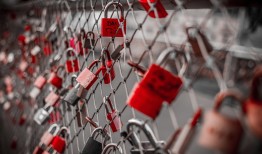 黑客信息接单平台全解析：合法接单、风险规避与安全实践指南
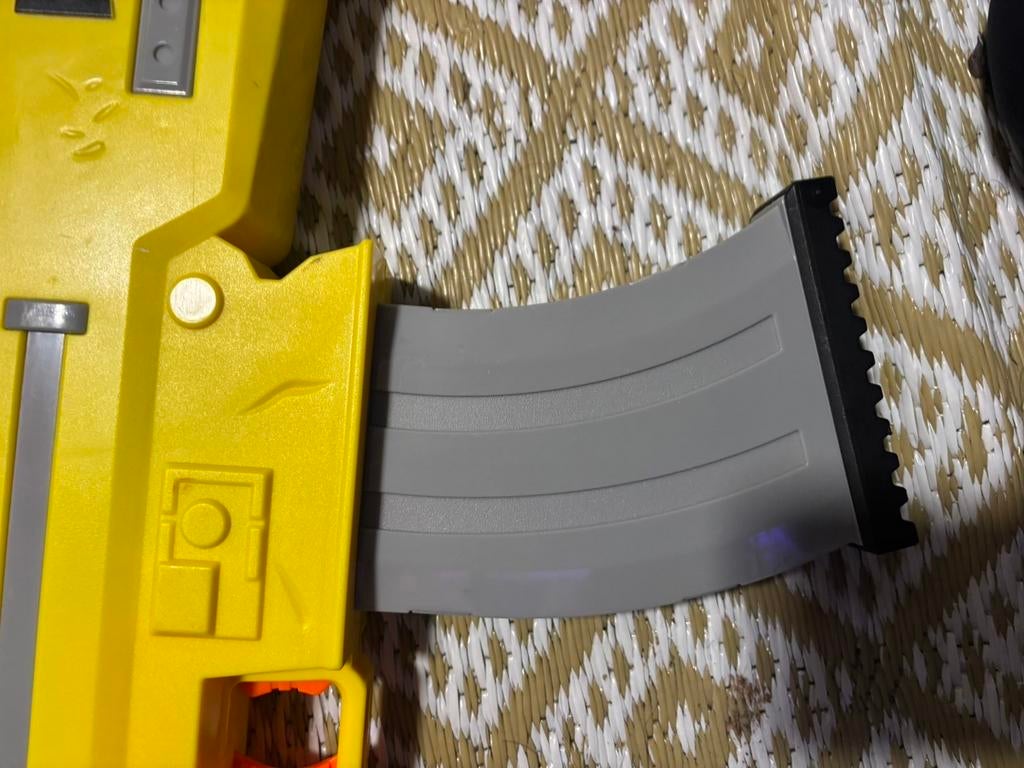 Nerf Blaster met magazijn en veel pijltjes, Ophalen of Verzenden, Gebruikt, Jongen of Meisje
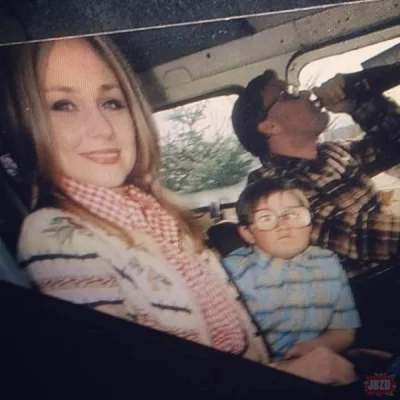 szyna352 - Unikatowe zdjęcie Bubblesa z rodzicami ( ͡° ͜ʖ ͡°)
#trailerparkboys #chlo...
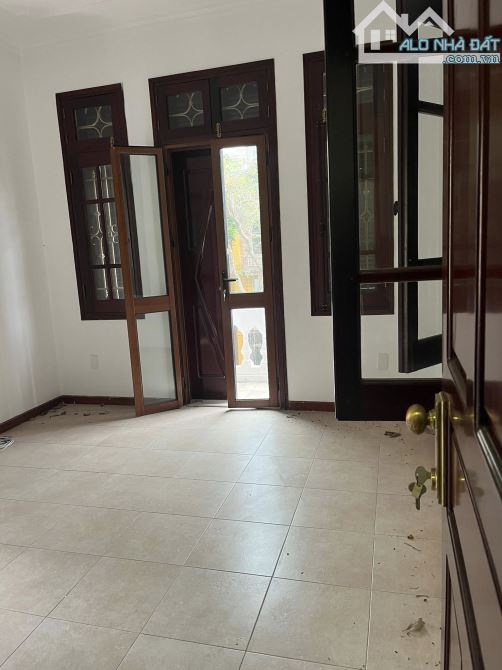 Biệt thự KĐT Mỹ Đình 2 phố Bùi Xuân Phái Nam Từ Liêm. Sổ 200m, 4 tầng MT10m Giá 63 tỷ - 2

» **WORK INSTRUCTION**
The whole listing should be reproduced exactly. Images don't go in.

» **RESULT**
 黑客信息接单平台全解析：合法接单、风险规避与安全实践指南
 Nerf Blaster met magazijn en veel pijltjes, Ophalen of Verzenden, Gebruikt, Jongen of Meisje
 szyna352 - Unikatowe zdjęcie Bubblesa z rodzicami ( ͡° ͜ʖ ͡°)
#trailerparkboys #chlo...
 Biệt thự KĐT Mỹ Đình 2 phố Bùi Xuân Phái Nam Từ Liêm. Sổ 200m, 4 tầng MT10m Giá 63 tỷ - 2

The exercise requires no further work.